Balance colour and temperature

Sunlight and Lemons
30 x 30
Some painters deliberately avoid using all three primaries in a single painting, but it's a practise that has never worked for me.  I need to see the full spectrum of colours in each painting or it feels out of balance.

This may be the difference between a tonal and a colourist approach; I can see limiting primaries if the subtle distinction between values were my method of painting, but colour is what obsesses me, and I need to use my full palette to satisfy my eye.

Of course I tend to forget this on occasion, as I did in this painting.  It began as a generally cool piece with greenish shadows and warm, yellowy light.  With the blue dominance in the still life objects, this meant that my painting was an analogous scheme of yellow greens and blues.  It was what I saw in the still life set up, but it didn't work in the painting.

It's interesting when that happens, because it's a reminder that you can't just trust your eyes, you have to use some rational thought and invention to recreate the effect that you're perceiving.   What I perceived was warmth, luminosity and airiness.  What I achieved with the first pass, was chilly heaviness.  I didn't love it.

That's when I remembered the full spectrum thing and added reds - pinks, actually - to the painting. The white cloth got shots of pink and purple that were of equal value to the yellow tints already there.  Because they were the same value, these new colours didn't scream "odd", they settled in and created a warm vibration.  The sky through the window got the same treatment.  It has peach, yellow, blue and other tints in it, making a general warmth that is more balanced, and more warm-feeling than when it just contained yellows and oranges.  Strangely, by adding cool notes, the warm yellows felt warmer than they had before.  Logical, I guess: I needed to see the opposite of warm to appreciate and understand the warmth when I encountered it.

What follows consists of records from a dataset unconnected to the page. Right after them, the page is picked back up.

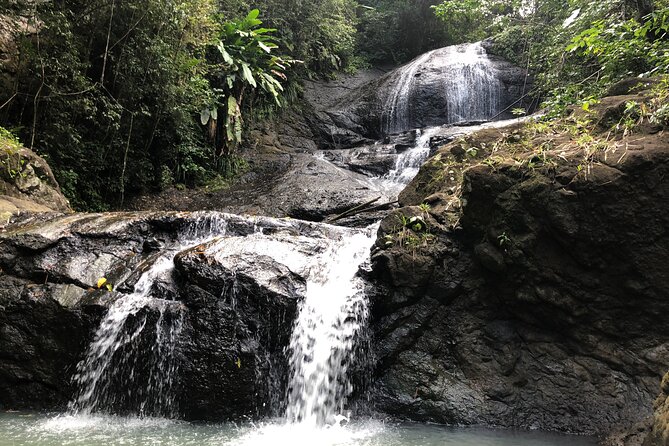 Rainforest Hike and Waterfall Safari - Why this 4.5-hour outing is worth considering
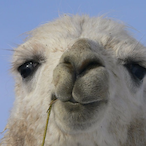 ObamaMcLlama's Avatar'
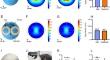 Enhancing Transcranial Magnetic Stimulation Comfort: The Role of Electrical Stimulation in Pain Reduction.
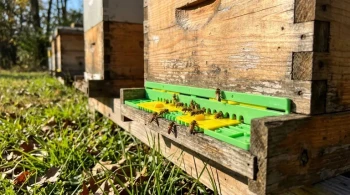 A Question of Access: Why the Hive Entrance is a Beekeeper's Most Critical Control Point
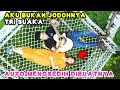 AKU BUKAN JODOHNYA TRI SUAKA LIRIK COVER BY NABILA MAHARANI FT TRI SUAKA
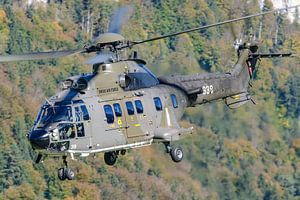 Schweizer Aerospatiale AS332M1 Super Puma (T-339).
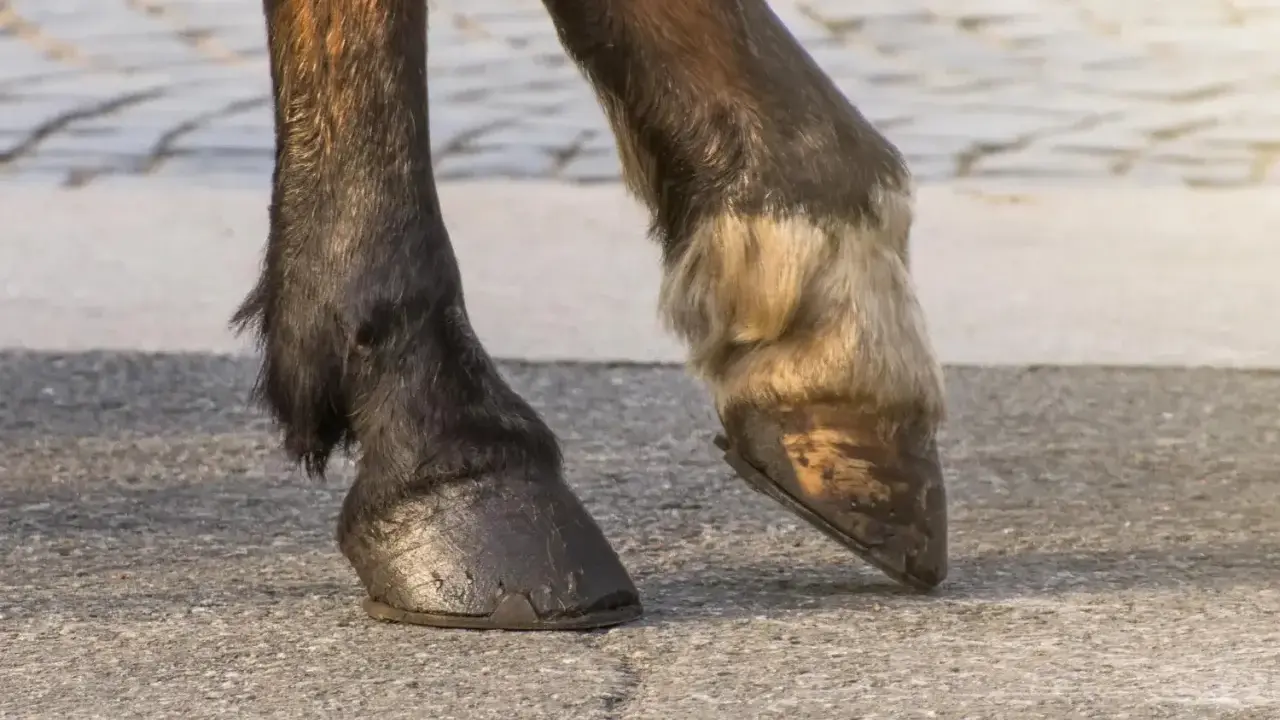 Dwa kopyta konia na asfalcie. Jedno ciemne, z widocznymi śladami zużycia, drugie jaśniejsze, z sierścią.
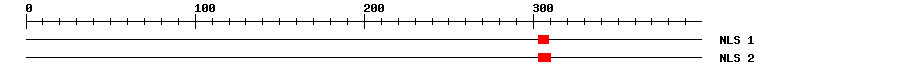 NLS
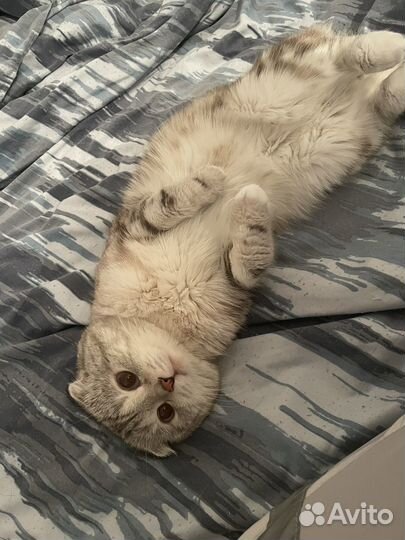 Шотландский кот вязка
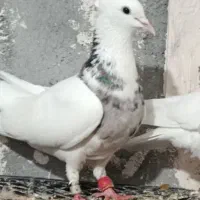 طوقی و دم سفید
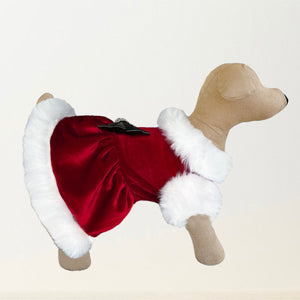 Santa Baby Dog Dress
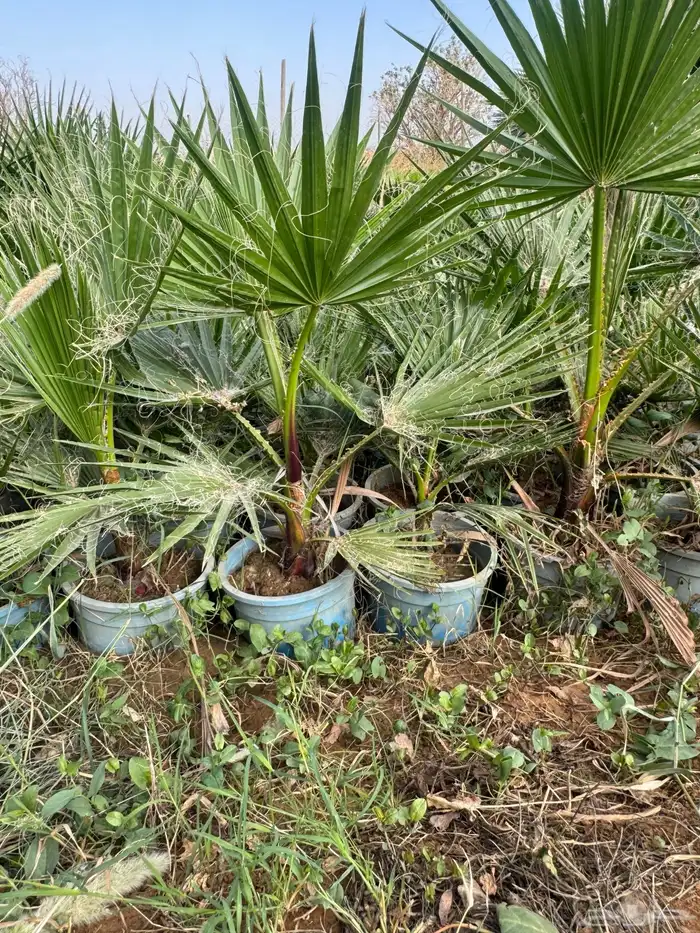 واشنطونيا 1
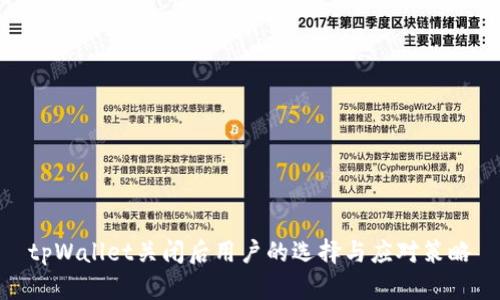 tpWallet关闭后用户的选择与应对策略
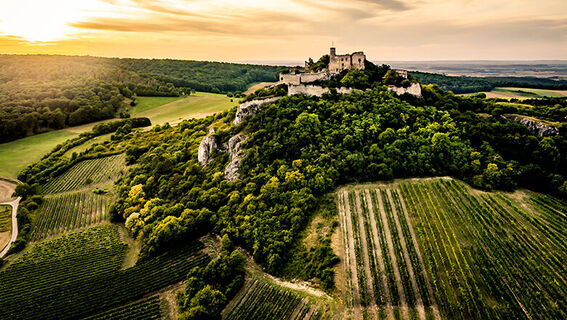 Burgruine Falkenstein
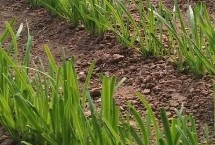 半阴半阳适合种什么蔬菜 可以种韭菜、空心菜、蚕豆和花生等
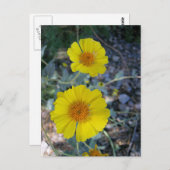 砂漠金ゴールド ポストカード (正面/裏面)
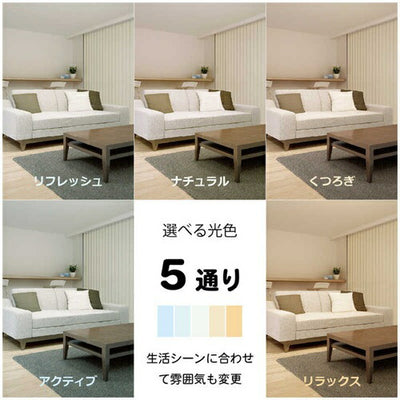 LEDシーリングライト ホタルクス HLDC06401SG ～6畳用 昼白色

So I added the full spectrum of colour and temperature to the painting and I began to like it.  It was saying what I intended it to say.  It's a lesson that I have to relearn, I suppose, but my hope is that on each relearning, I also learn something new.  It's that excitement and novelty that makes painting an obsession.

Happy painting!


This is exquisite Ingrid!
Thank you, Sharon! It was one of those struggle pieces that become something that I like.